What you are asked to do
An image-free, exact copy of the records below is required.

───── Source data

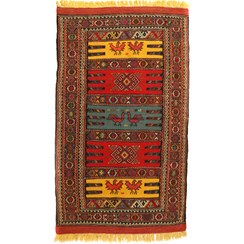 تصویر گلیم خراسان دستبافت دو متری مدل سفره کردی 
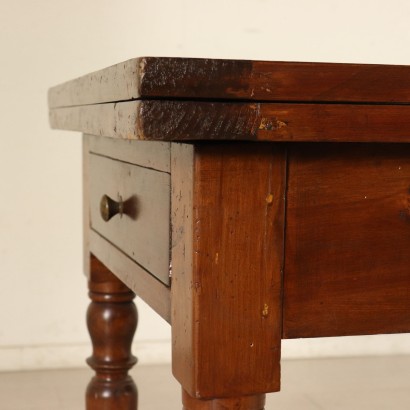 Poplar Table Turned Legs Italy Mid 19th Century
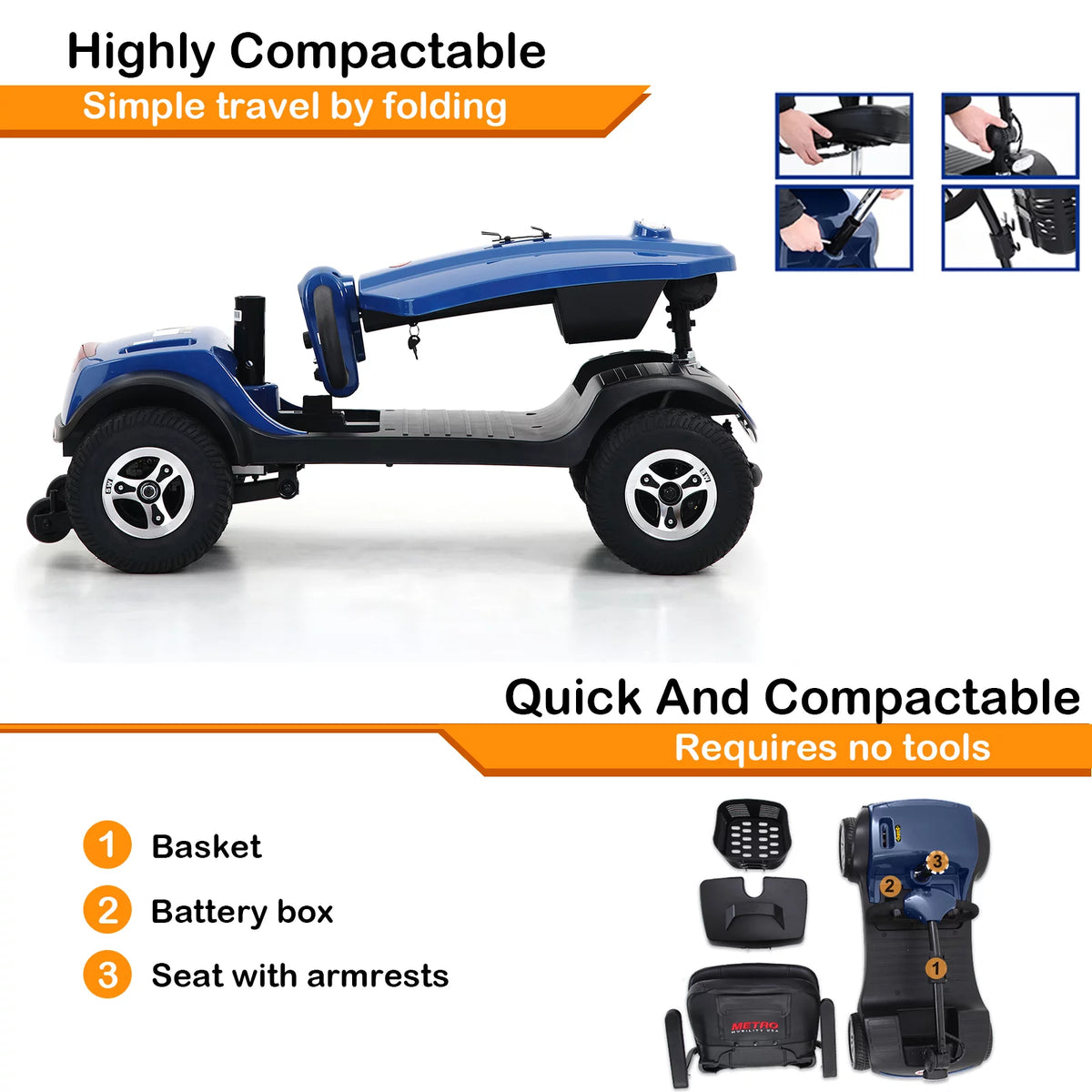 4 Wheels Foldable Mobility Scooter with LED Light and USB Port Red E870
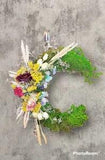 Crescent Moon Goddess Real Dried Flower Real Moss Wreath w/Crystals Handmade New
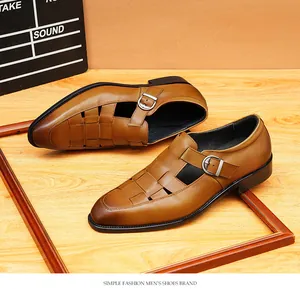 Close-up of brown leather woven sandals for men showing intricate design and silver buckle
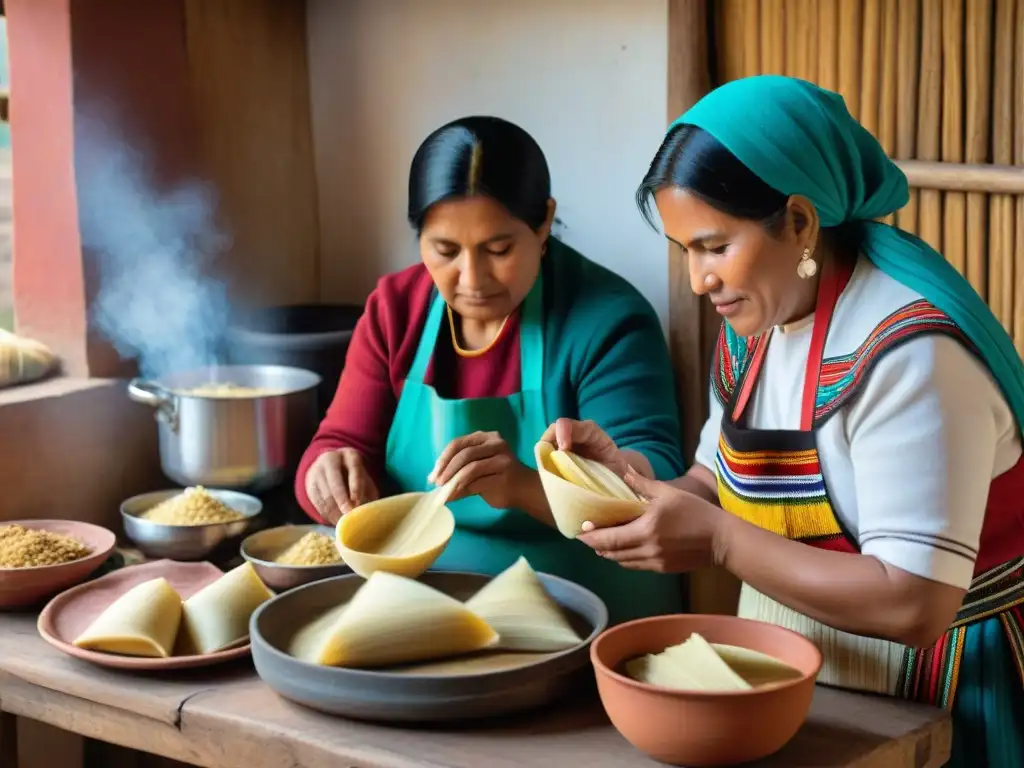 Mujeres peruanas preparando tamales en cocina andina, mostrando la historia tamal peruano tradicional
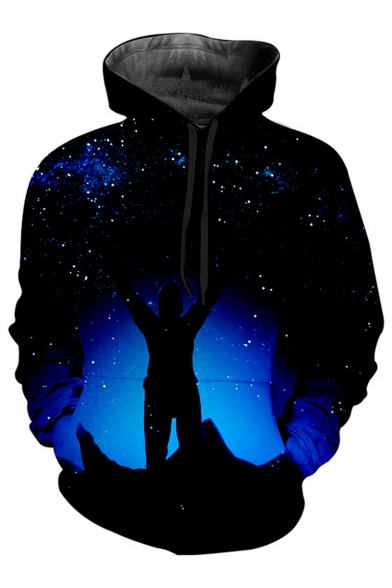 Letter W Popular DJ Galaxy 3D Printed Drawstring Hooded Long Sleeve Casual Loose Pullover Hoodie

──────────

Result of the task
 تصویر گلیم خراسان دستبافت دو متری مدل سفره کردی 
 Poplar Table Turned Legs Italy Mid 19th Century
 4 Wheels Foldable Mobility Scooter with LED Light and USB Port Red E870
 Crescent Moon Goddess Real Dried Flower Real Moss Wreath w/Crystals Handmade New
 Close-up of brown leather woven sandals for men showing intricate design and silver buckle
 Mujeres peruanas preparando tamales en cocina andina, mostrando la historia tamal peruano tradicional
 Letter W Popular DJ Galaxy 3D Printed Drawstring Hooded Long Sleeve Casual Loose Pullover Hoodie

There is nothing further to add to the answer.